The year 1968 was a terrible year for the most part.  In April, Martin Luther King was murdered outside his hotel room in Memphis, and just two months later in Los Angeles, Senator Robert Kennedy was assassinated.  And two months after that, the Democratic National Convention disintegrated into a riot on the streets of Chicago, with “The whole world watching.” That November, Richard Nixon won a close national election.  Then came Christmas Eve. 


 
Earthrise Apollo 8, David Levy owner


Apollo 8 was not intended to head for the Moon.  The Saturn 5 rocket, as tall as a 36-floor building, had never been flown with humans aboard.  The NASA picture that accompanies this article, in fact, shows Wernher Von Braun, the man who designed the Saturn 5, utterly dwarfed by five engines so large that one could set up housekeeping in each of them. (The other picture is astronaut Bill Anders' epochal “Earthrise”.) The Saturn 5’s unmanned test flights had been beset b8y several minor problems, and the Lunar Module, which was intended to land two astronauts on the Moon and return them to the command vehicle, was not yet ready for flight testing. But in August, 1968,  George Low, Manager of the Apollo Spacecraft Program office, came up with an ingenious idea: NASA could fly a manned Saturn 5 with only the Command module.  If the launch was successful, it could then proceed to orbit the Moon.

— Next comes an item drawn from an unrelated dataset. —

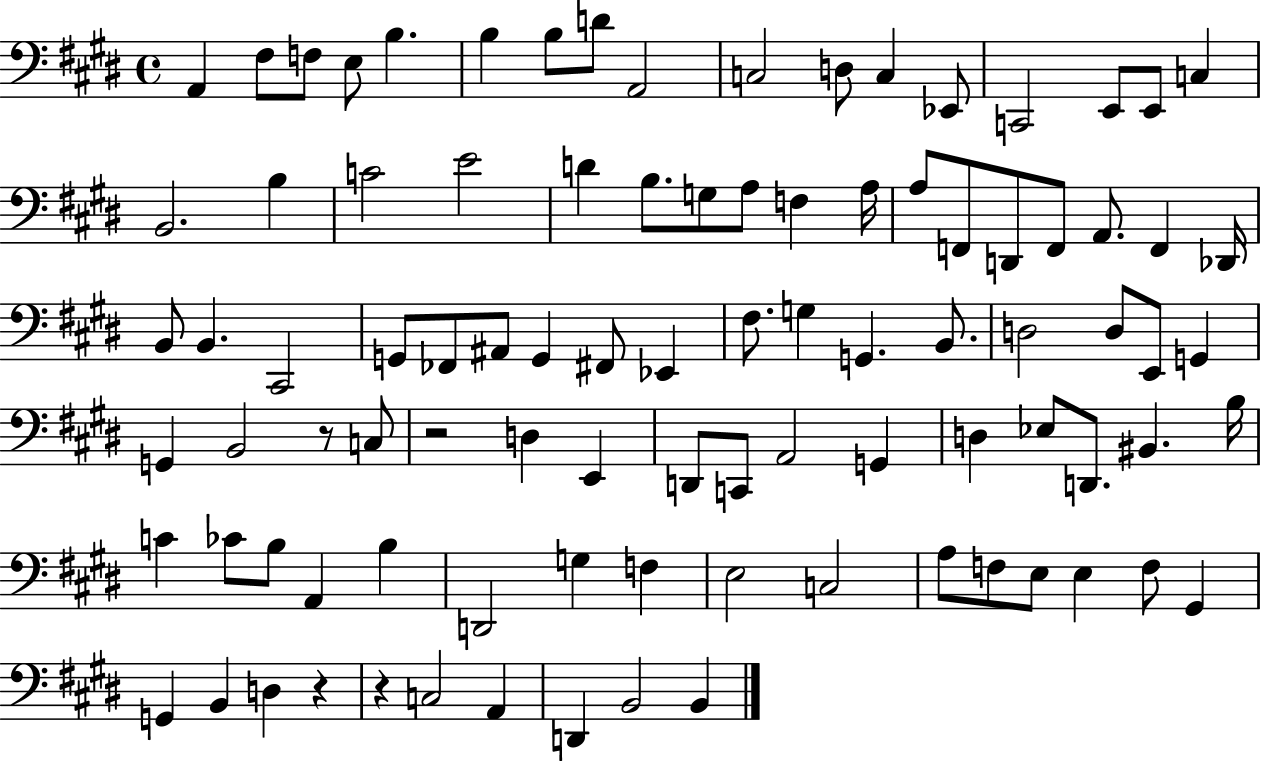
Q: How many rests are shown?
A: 4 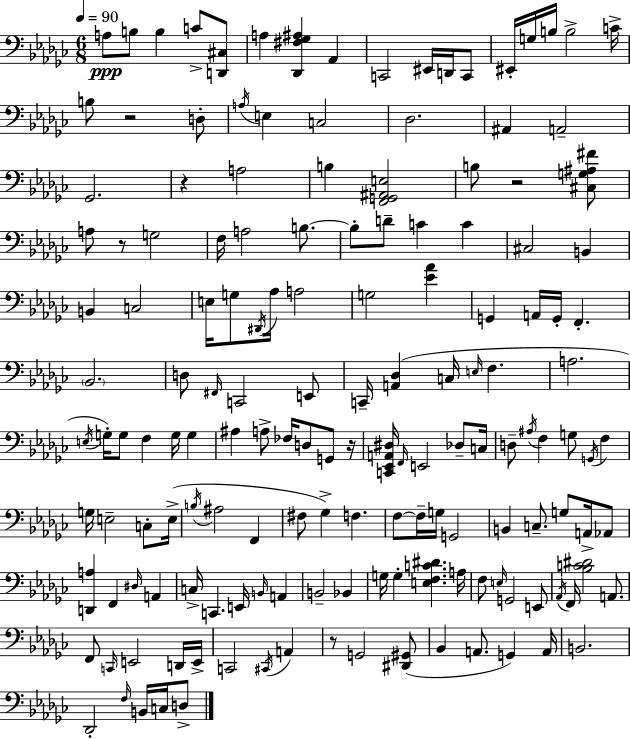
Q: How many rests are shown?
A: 6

After some debate and a lot of tense moments, Apollo 8 launched on the winter solstice, December 21, 1968.  About two hours later, a simple message was radioed:  “Apollo 8:  You are go for TLI.”  After the trans-lunar injection, Apollo 8, with Frank Borman, Jim Lovell, and Bill Anders, was on its way to a Christmas eve rendezvous with the Moon, there was nothing left to do but travel and wait.


For me, by far the most memorable part was the astronauts’ Christmas eve message:


“We are now approaching lunar sunrise, and for all the people back on Earth, the crew of Apollo 8 has a message that we would like to send to you.”  Then each astronaut read from the book of Genesis.  Our family was spellbound as we listended to these words.  But it was the ending that really turned the year 1968 from one of tragedy to one of promise and hope:


“And from the crew of Apollo 8, we close with good night, good luck, a Merry Christmas—and God bless all of you, all of you on the good Earth.”